By Sruthi Shankar and Devik Jain
(Reuters) - Britain's FTSE 100 pulled back on Wednesday, as a rising global death toll crushed hopes that the coronavirus crisis was subsiding, while insurers took a hit over halts in dividend payments and Tesco warned of a surge in costs.
The blue-chip FTSE 100 index <.FTSE> ended 0.5% lower after closing at a near two-week high on Tuesday. It is still up 4.8% for the week.
Shares of Aviva Plc <AV.L> and Direct Line <DLGD.L>, RSA <RSA.L> and Lloyds of London-member Hiscox <HSX.L> fell between 3.8% and 7.9% after saying they were cancelling 2019 investor payouts.

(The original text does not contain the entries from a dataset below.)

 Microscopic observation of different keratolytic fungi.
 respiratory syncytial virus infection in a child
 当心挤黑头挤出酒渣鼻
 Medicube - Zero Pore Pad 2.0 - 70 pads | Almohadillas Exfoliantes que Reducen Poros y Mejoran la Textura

Both EU and British regulators had urged restraint on dividend payments and payment of bonuses as a buffer against potential losses from the pandemic. Legal & General <LGEN.L>, which said last week it remained committed to distributing its own dividend, was down 3.8%.
Tesco <TSCO.L>, Britain's biggest retailer, fell 0.6% as it forecast costs from the pandemic of up to 925 million pounds ($1.1 billion) and warned it was unable to give a profit forecast for the current year.
However, it defended its decision to pay dividend. Fellow retailers Sainsbury <SBRY.L> and Morrison <MRW.L> fell 4% and 0.8%, respectively.
Stock markets globally had rallied in the past two days on signs that new coronavirus cases were plateauing in the hotspots including New York, Italy and France.
However, the number of deaths across the United States rose by a record of more than 1,800 on Tuesday even as the number of hospitalizations seemed to be levelling off in New York state.
"Markets have come to a realisation that it's not easy to have a V-shaped recovery. Even if we are looking at prospect of easing restrictions, there is still lots of uncertainty," said Ulas Akincilar, head of trading at online platform INFINOX.
"Going forward we will see more negative forecasts for dividends, stock buybacks and revenue."
Companies listed on the pan-European STOXX 600 are expected to post a 30.2% slump in second-quarter earnings, according to Refinitiv data, versus a 21.9% decline forecast just a week ago.
With the UK death toll rising to 7,097, London Mayor Sadiq Khan said Britain is nowhere near lifting the lockdown measures as the peak is still more than a week away.
Meanwhile, British Prime Minister Boris Johnson was "clinically stable" in intensive care and responding to treatment for COVID-19 complications after testing positive nearly two weeks ago.
Midcap shares <.FTMC>, up 1.9%, extended gains for a third straight session.
Online fashion retailer ASOS Plc <ASOS.L> soared 28% after saying it had raised 247 million pounds ($304 million) via a placing, to help it shore up its finances against any prolonged business downturn.
Recruiter PageGroup <PAGE.L> rose 5.7% after it said it would shed another 250 staff in April and cut directors' pay by 20% in efforts to ride out the health crisis.